EXERCISE
Take the data below and copy exactly the lines starting at the one with "in terms of hydrographic characteristics" and finishing at the one with "Woman with floral", both included.

RECORD EXCERPTS
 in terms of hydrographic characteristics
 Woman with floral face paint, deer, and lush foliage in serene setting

* * *

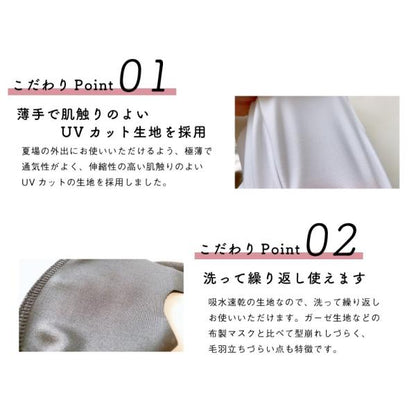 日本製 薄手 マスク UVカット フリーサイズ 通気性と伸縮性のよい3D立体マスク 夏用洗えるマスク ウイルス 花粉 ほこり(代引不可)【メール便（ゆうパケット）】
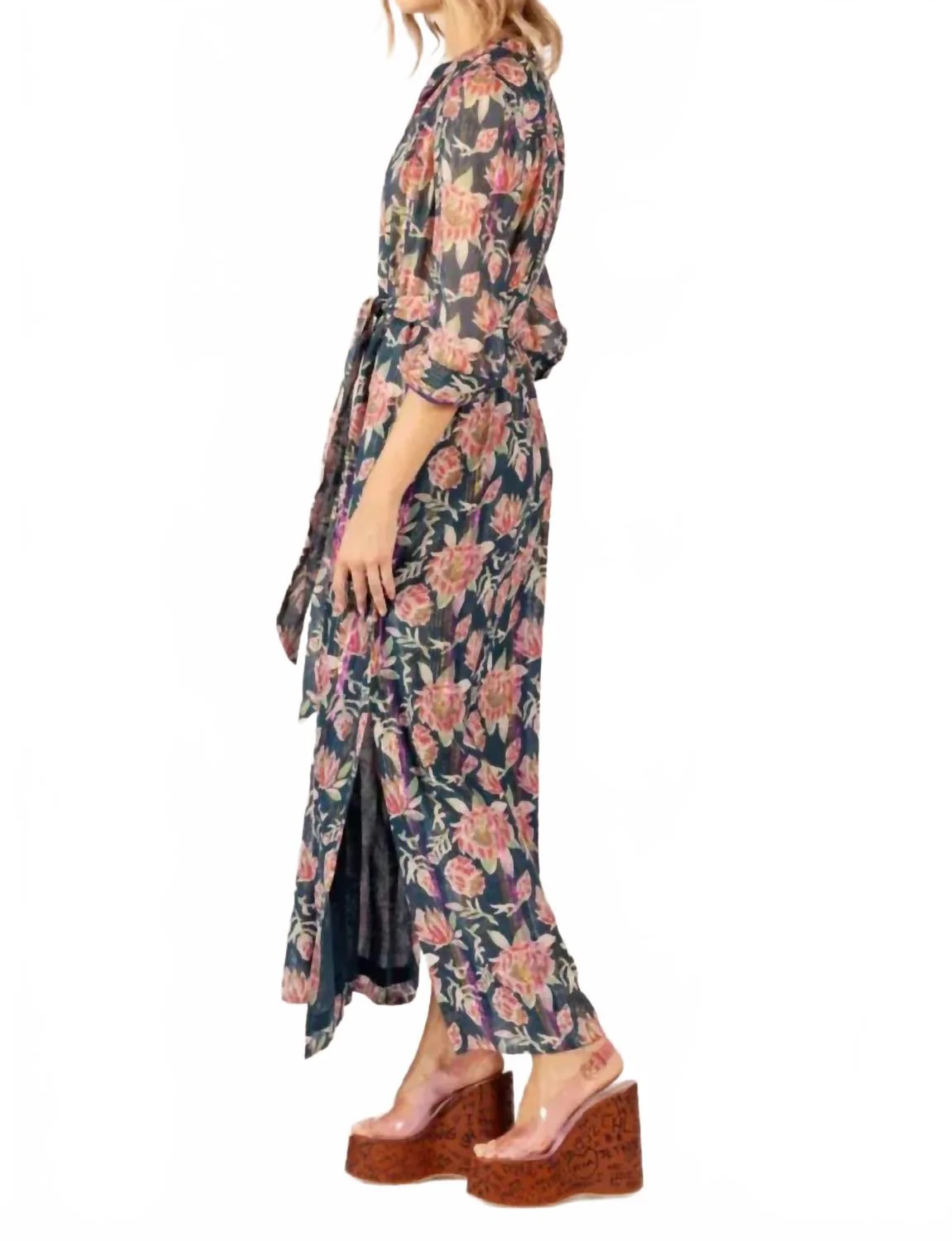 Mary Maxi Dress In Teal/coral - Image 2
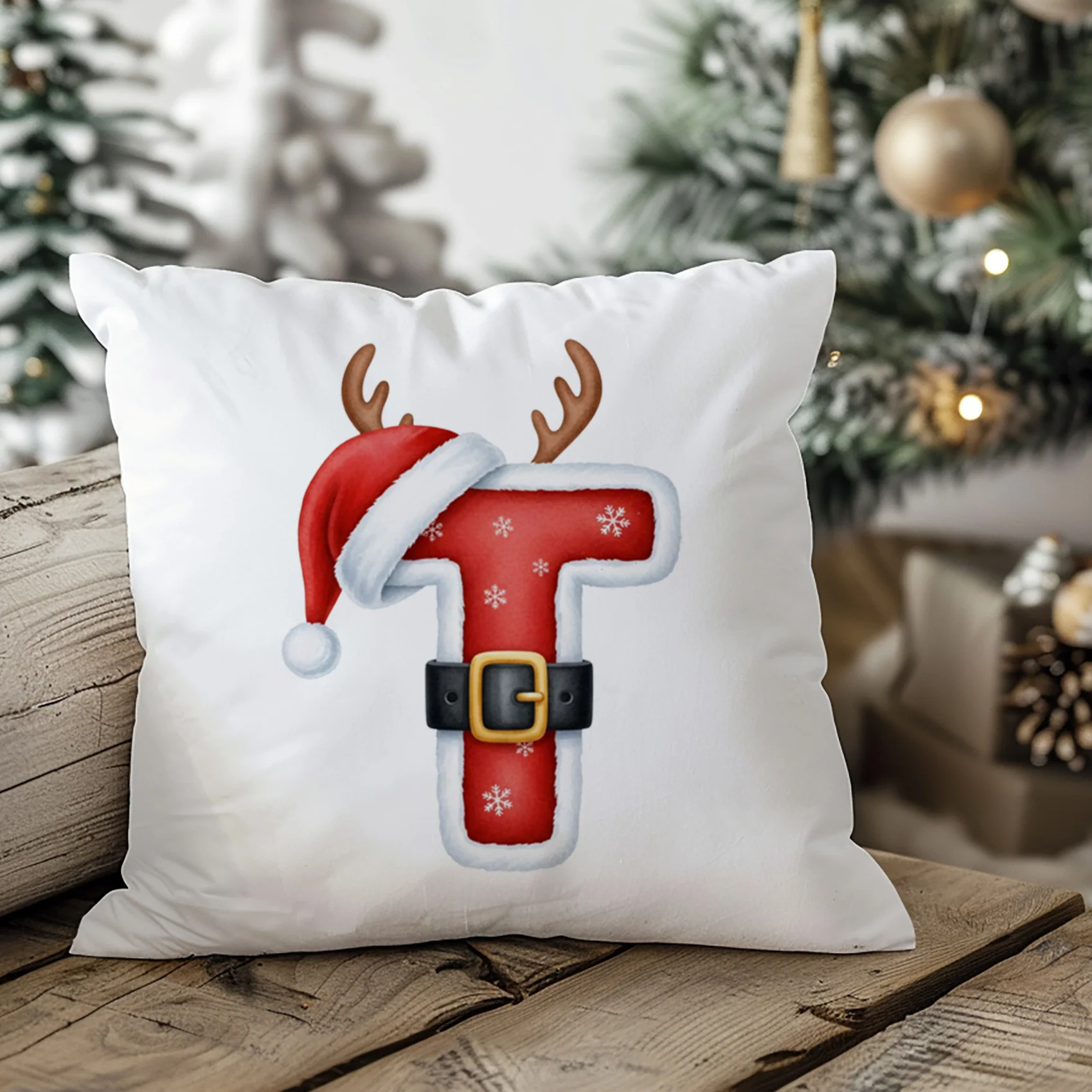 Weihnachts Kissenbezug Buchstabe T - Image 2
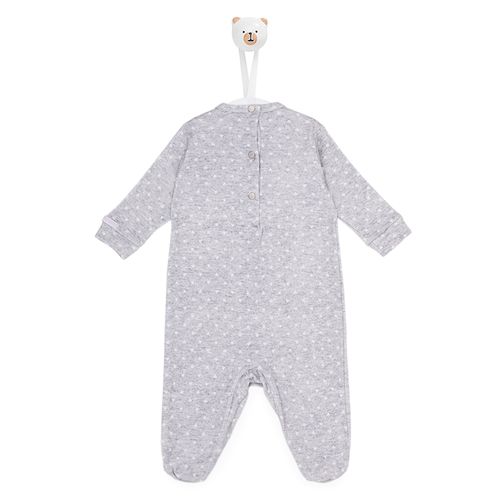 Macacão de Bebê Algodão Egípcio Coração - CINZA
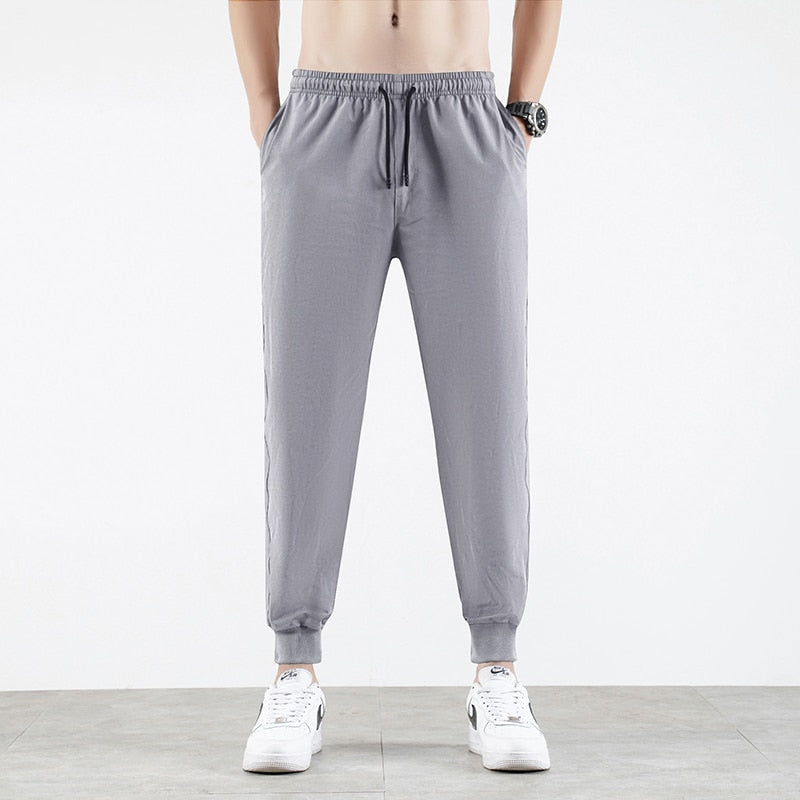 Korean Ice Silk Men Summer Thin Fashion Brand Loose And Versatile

RESPONSE TO THIS EXERCISE
 in terms of hydrographic characteristics
 Woman with floral face paint, deer, and lush foliage in serene setting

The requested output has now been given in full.